W tym miesiącu przeżyłem podwójne spotkanie z Tolkienowskim opus życia – Silmarillionem. Wpierw w formie audiobooka (absolutny biały kruk – dla osób niewidomych, poza oficjalnym obiegiem, niemożliwy do kupienia!). Chore oko, ciemność pooperacyjna, a więc tym lepsza przestrzeń dla wyobraźni. I była to niezwykła podróż do mitycznej przeszłości naszej Ardy. Dawno nie przeżyłem Śródziemia tak mocno. Drugie spotkanie z Silmarillionem to lektura niezwykłego fanowskiego wydania tej opowieści. Chodzi o edycję MumakiL Fandom PresSsss (przeczytasz o nim tutaj i tutaj). Nie chcę zdradzać zbyt wiele, bo to prywatne wydanie dla wtajemniczonych. Napiszę tak, jak napisałem na Forum Hobbitonu: "Zachwycam się tym tomem od ostatniego poniedziałku.
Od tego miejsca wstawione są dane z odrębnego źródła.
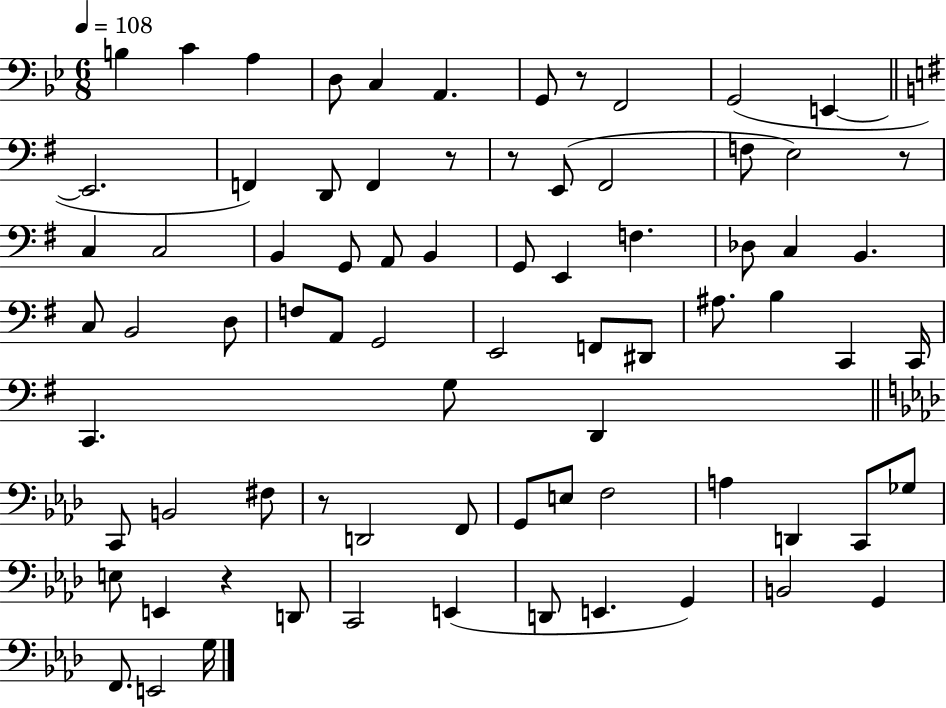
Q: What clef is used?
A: bass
Wszystko
mi się podoba: i szata graficzna, i edycja, i piękna czcionka, i
nastrojowe grafiki Melinir, i niesamowita mapa Gondolinu Siriellë
(Gondolin wydaje się jakby wyrastać z kart książki). Bardzo fachowo i
ciekawie dobrane teksty. Dobre, łatwo czytające się tłumaczenia,
arcyciekawe dodatki (Eru, dziękuję, że mogę jeszcze wśród kręgów tego
świata zobaczyć duży lingwistyczny tekst Tolkiena w polskim
tłłumaczeniu!).
Jak się wzbogacę, każdy tom każę oprawić sobie w skórę (czerwono barwioną) lub płótno ze srebrzystym tengwarem.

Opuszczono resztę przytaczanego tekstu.